El motivo fundamental del fracaso de los mandos intermedios se deben a que éste con frecuencia se encuentra con serias dificultades para comunicar a su equipo la estrategia de la empresa ya que a él nadie se la ha comunicado; le resulta una tarea titánica motivar a su equipo porque sólo dispone de recursos emocionales; le es difícil ejercer un liderazgo eficaz porque no dispone de autonomía ni de autoridad y le resulta complejo propiciar un enfoque de mejora al encontrarse con serias resistencias al cambio por parte de la dirección.

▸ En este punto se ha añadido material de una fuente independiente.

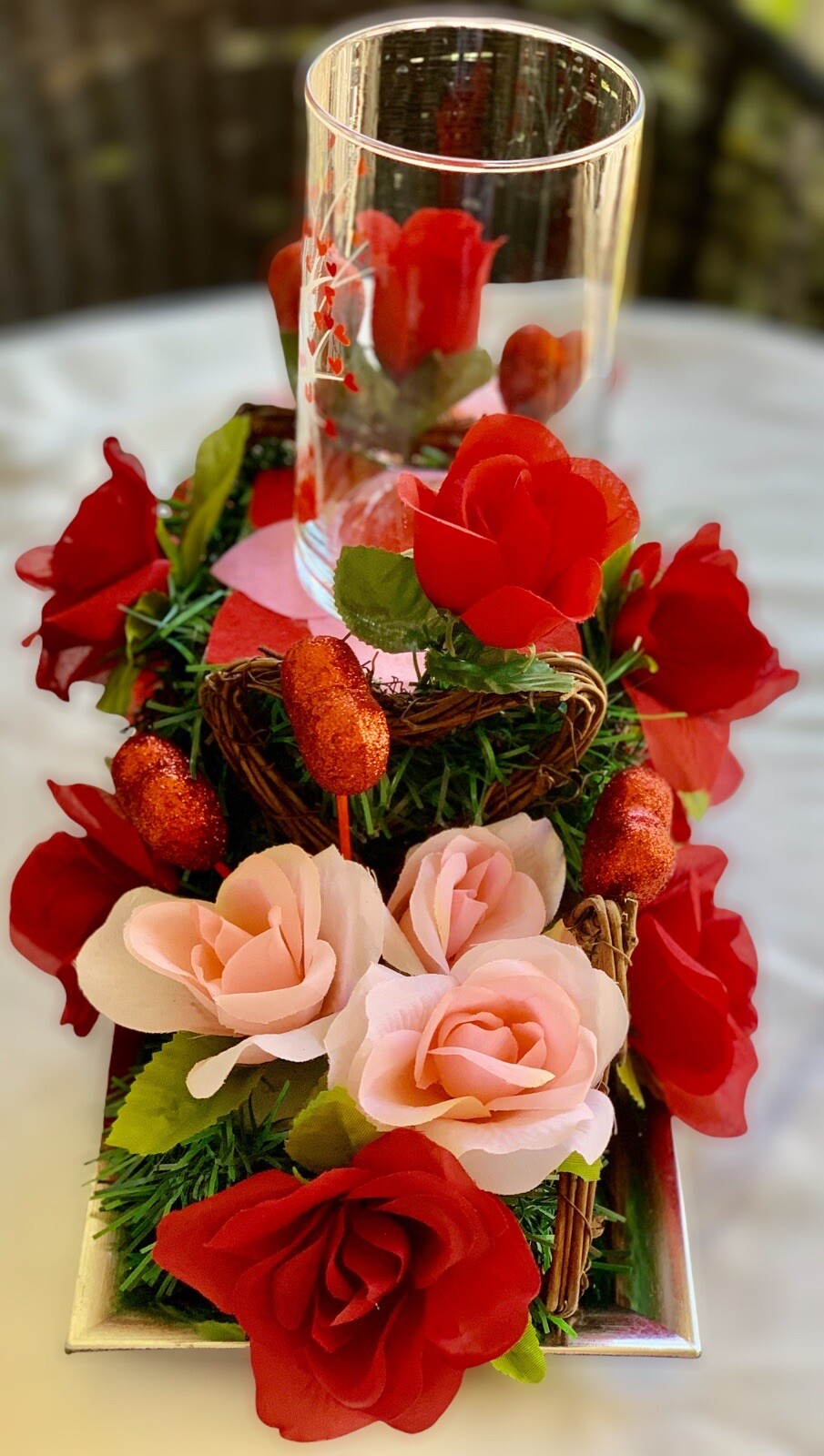 Centerpiece Flower Arrangement Home Love Decor CP00107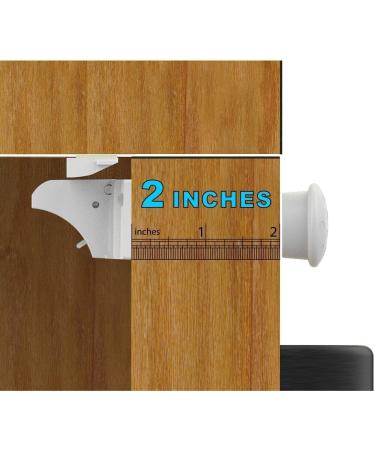 Upgraded Magnetic Cabinet Locks (32Locks and 6 Keys) Baby Proofing Magnetic Safety Locks with strong Adhesive One Minute Fast Easy and No Drill Installation 32locks+6keys - Buy Online on SooperMarket.com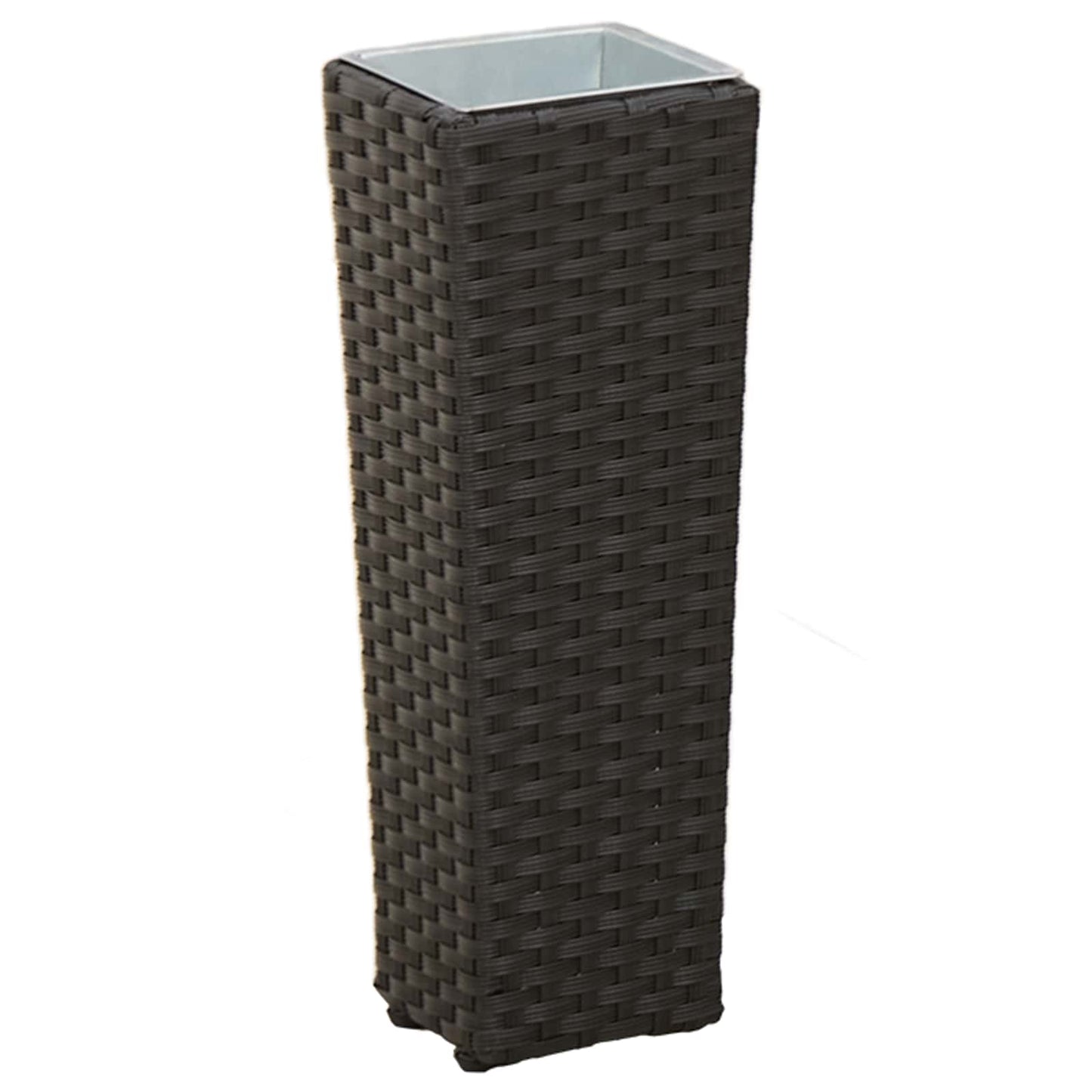 Utomhus Blomkruka Metall 3 pcs Svart Metall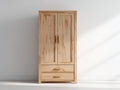 Armarios madera 100x55x185 cm natural para dormitorio - almacenamiento funcional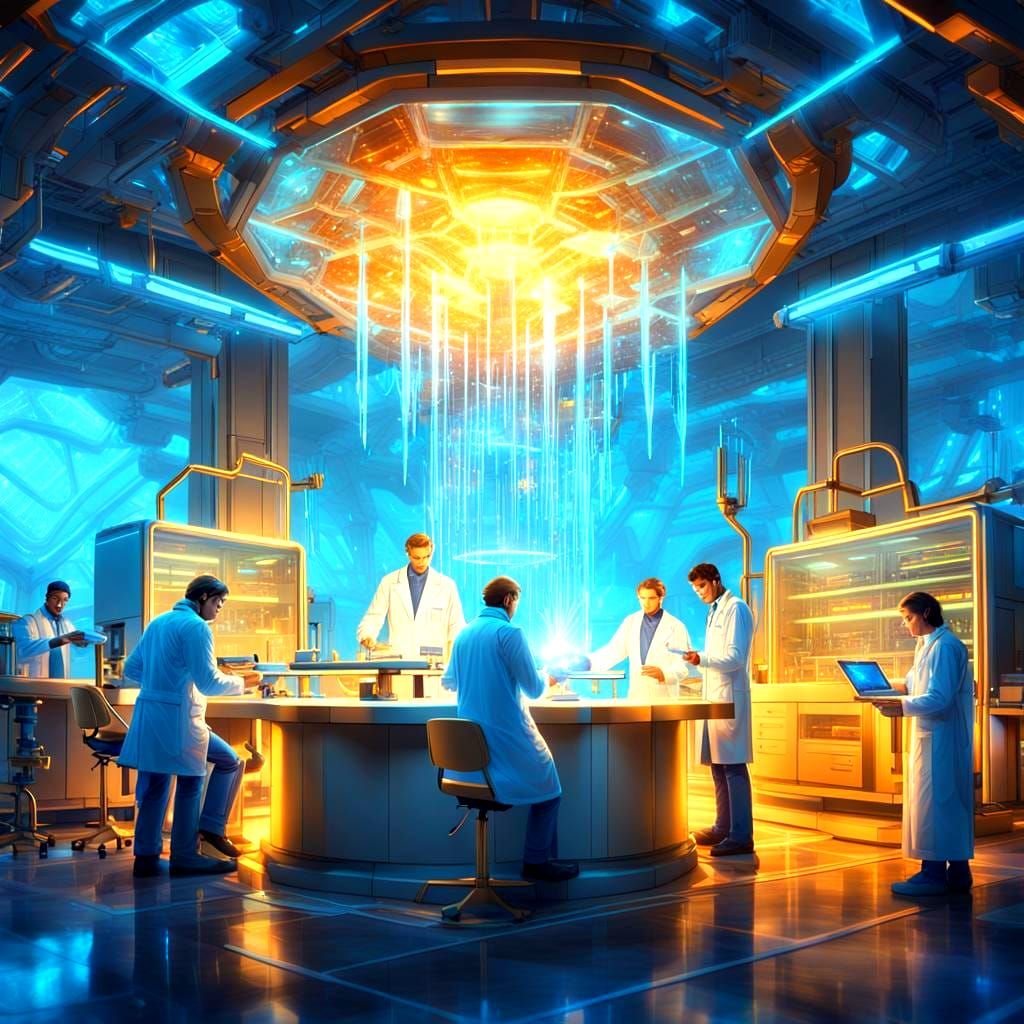 Fantastical Science Lab in Detailed Matte Painting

Para que el MANDO sobreviva y MANDE adecuadamente, debe ser la dirección de la empresa quien desde un profundo cambio en su relación, comiencen a considerarlos como pieza estratégica y a plantearse cuestiones tales como la delegación eficaz en las funciones de gestión, el liderazgo motivador, la retribución, el reconocimiento, etc.

Por tanto, si acabas de ser promocionado prepárate mental, física y emocionalmente, controla las expectativas que los demás tienen de ti tanto compañeros, jefes, subordinados, modela y desarrollar al equipo que trabajará contigo, estudia bien el terreno y cómo funcionan las cosas en la empresa, comunícate efectivamente y evita las trampas a las que enfrentan todos los nuevos líderes, como pueden ser no respetar a su predecesor, subestimar las verdaderas fuentes de poder en la organización o sucumbir al síndrome del salvador.